As worries about the economy mounted in June, stocks went into another tailspin that has continued in July. Wall Street now is officially in a bear market -- meaning a drop of at least 20% in key stock indexes -- for the first time since the plunge of 2000-02.
The Dow Jones index, which fell 128.48 points to 11,100.54 on Friday, now is down 21.6% from its record high last year.
That's still a long way from the 38% dive the Dow took from its peak in early 2000 to its low in October 2002.
But there are some parallels between the 2000-02 period and the current one that hint at worse to come.

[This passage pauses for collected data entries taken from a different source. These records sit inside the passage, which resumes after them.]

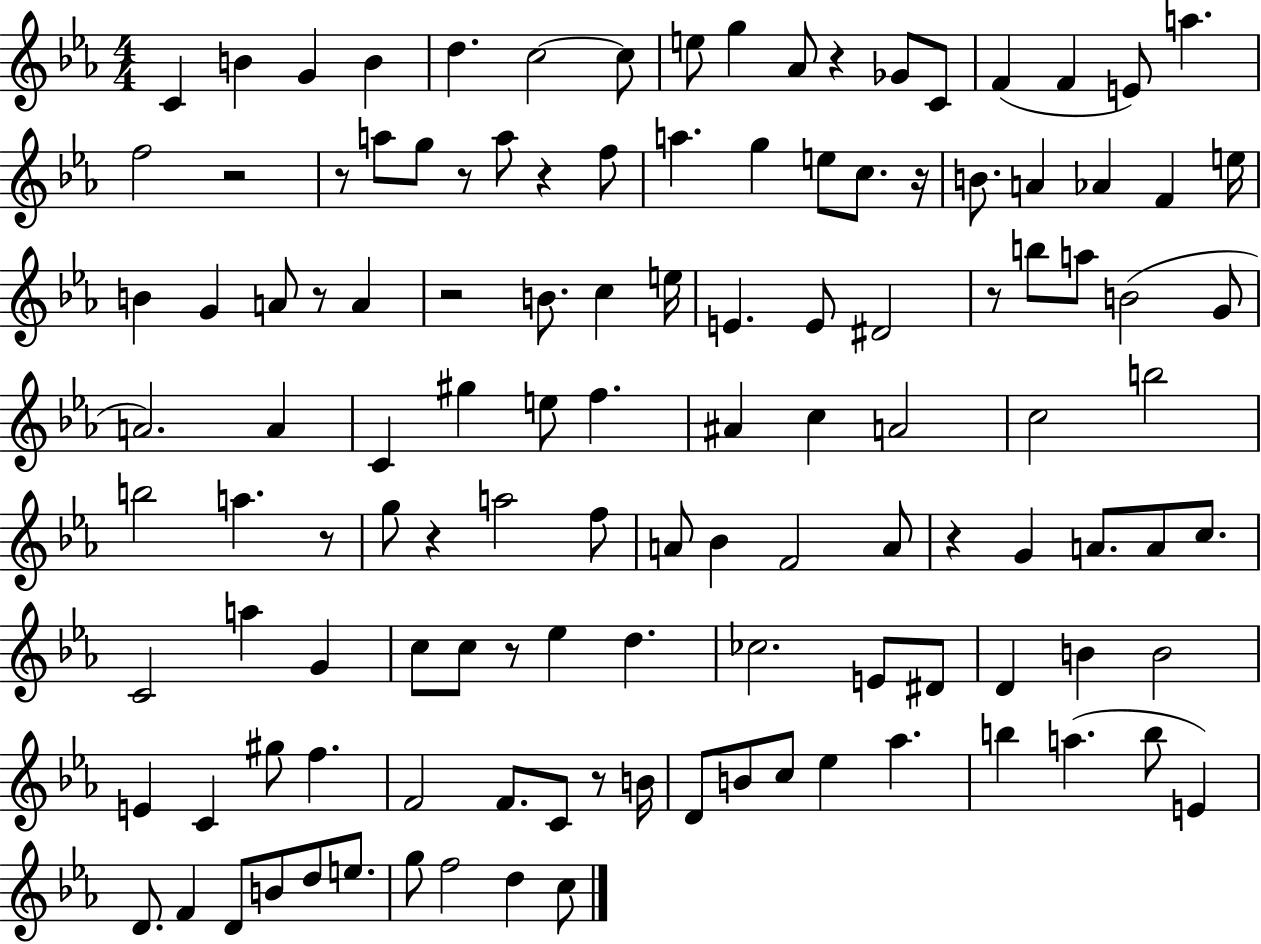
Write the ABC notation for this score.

X:1
T:Untitled
M:4/4
L:1/4
K:Eb
C B G B d c2 c/2 e/2 g _A/2 z _G/2 C/2 F F E/2 a f2 z2 z/2 a/2 g/2 z/2 a/2 z f/2 a g e/2 c/2 z/4 B/2 A _A F e/4 B G A/2 z/2 A z2 B/2 c e/4 E E/2 ^D2 z/2 b/2 a/2 B2 G/2 A2 A C ^g e/2 f ^A c A2 c2 b2 b2 a z/2 g/2 z a2 f/2 A/2 _B F2 A/2 z G A/2 A/2 c/2 C2 a G c/2 c/2 z/2 _e d _c2 E/2 ^D/2 D B B2 E C ^g/2 f F2 F/2 C/2 z/2 B/4 D/2 B/2 c/2 _e _a b a b/2 E D/2 F D/2 B/2 d/2 e/2 g/2 f2 d c/2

The stock market's crash in 2000 began with the bust in highflying dot-com stocks. This time, the decline began with the bust in home prices and its disastrous effects on every industry tied to housing.
In 2002, weary investors were hit by a wave of corporate accounting scandals that began with fabled Enron Corp. By the summer of that year, an extraordinary crisis of confidence had developed: Investors simply felt that they couldn't trust what many companies were telling them about their sales or earnings. Share prices dived further.
This time, the crisis of confidence is in the U.S. banking system. Because so many banks and brokerages lent heavily to fund the housing boom, the losses from the housing bust permeate the financial system to a degree few analysts had predicted.
As home prices keep falling, "anything tied to U.S. residential real estate is seen at risk," said Allen Sinai at Decision Economics in New York.
Fearing more severe losses than they've already suffered, investors in recent weeks have fled stocks of some of the nation's biggest financial institutions at a pace that has stunned Wall Street.
This week, investors turned on Fannie Mae and Freddie Mac with a vengeance.
Despite the companies' assurances that they have adequate capital cushions against surging defaults on the mortgages they own or guarantee, the market doesn't believe them.
For the federal government, that poses a quandary. Because of their size and importance to the mortgage market, it's inconceivable that Fannie and Freddie would be allowed to fail. But an outright takeover of the companies by the government, as some experts have suggested, could frighten foreign investors -- who are big lenders to the Treasury -- by, in effect, adding the companies' $5-trillion debt load to the Treasury's massive debt of $9.5 trillion.
Nationalizing the companies "would put the full faith and credit of the Treasury at risk," Sinai said. "It would make foreign investors think hard about buying U.S. Treasury debt."
The way you stop a bank run is to restore confidence. For Uncle Sam, the challenge isn't just to restore confidence among Americans, but also to make sure it doesn't evaporate among our foreign creditors.